MIME_DIR="/usr/share/mime"
MIME_PACKAGES_DIR="${MIME_DIR}/packages"
mkdir -p "${MIME_PACKAGES_DIR}"
for mime_file_path in ${REPO_DIR}/Desktop/*.xml; do
    cp "${mime_file_path}" "${MIME_PACKAGES_DIR}/."
done
update-mime-database "${MIME_DIR}"

# Add icons
ICON_DIR="/usr/share/icons"
ICON_PACKAGES_DIR="${ICON_DIR}/packages"
mkdir -p "${ICON_PACKAGES_DIR}"
for icon_file_path in "${REPO_DIR}"/Desktop/*.png; do
    cp "${icon_file_path}" "${ICON_PACKAGES_DIR}/" || echo "Failed to copy ${icon_file_path}"
done
for icon_file_path in "${REPO_DIR}"/Desktop/*.svg; do
    cp "${icon_file_path}" "${ICON_PACKAGES_DIR}/" || echo "Failed to copy ${icon_file_path}"
done
gtk-update-icon-cache "${ICON_DIR}"

1

This is the default local for system applications.

2

Create the Desktop directory and make sure jovyan can put files there. This is mainly for debugging.

3

This is not needed. It is the user-dirs.dirs file that is used.

4

Copy the .desktop file in the Desktop directory into the applications directory and make a symlink to the Desktop directory. The former means that the applications will appear in the menu in xfce4 desktop and the latter means there will be a desktop icon.

5

Add any mime xml files to the mime folder and update the mime database.

6

Add any png or svg icon files to the icon folder and update the icon database.
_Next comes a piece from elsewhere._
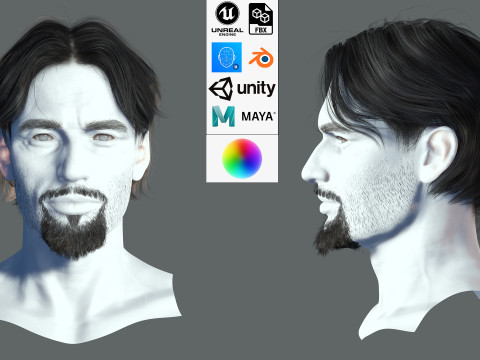 Realistic Hair Beard brows mustache p4 3D 模型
8.9 Notes on the RStudio environment

jupyter-rsession-proxy allows us to launch RStudio from Jupyter Lab, but the environment is different than the environment in Jupyter Lab.

8.9.1 Environmental variables

• PATH is different. conda is not on the path.
• None of the environmental variables in the docker file will be in the /rstudio environment. The start command affects \lab and \notebook but not \rstudio.
• The path in the terminal (in RStudio) can/is different than in the R console. Expect weird unexpected behavior because of this. If you type bash, then .bashrc is run and that will run conda init and that will add conda binaries to the path. Then really weird and unexpected things can happen.

If you need some environmental variable set, you will need to set those in $R_HOME/etc/Rprofile.site which is run when R starts.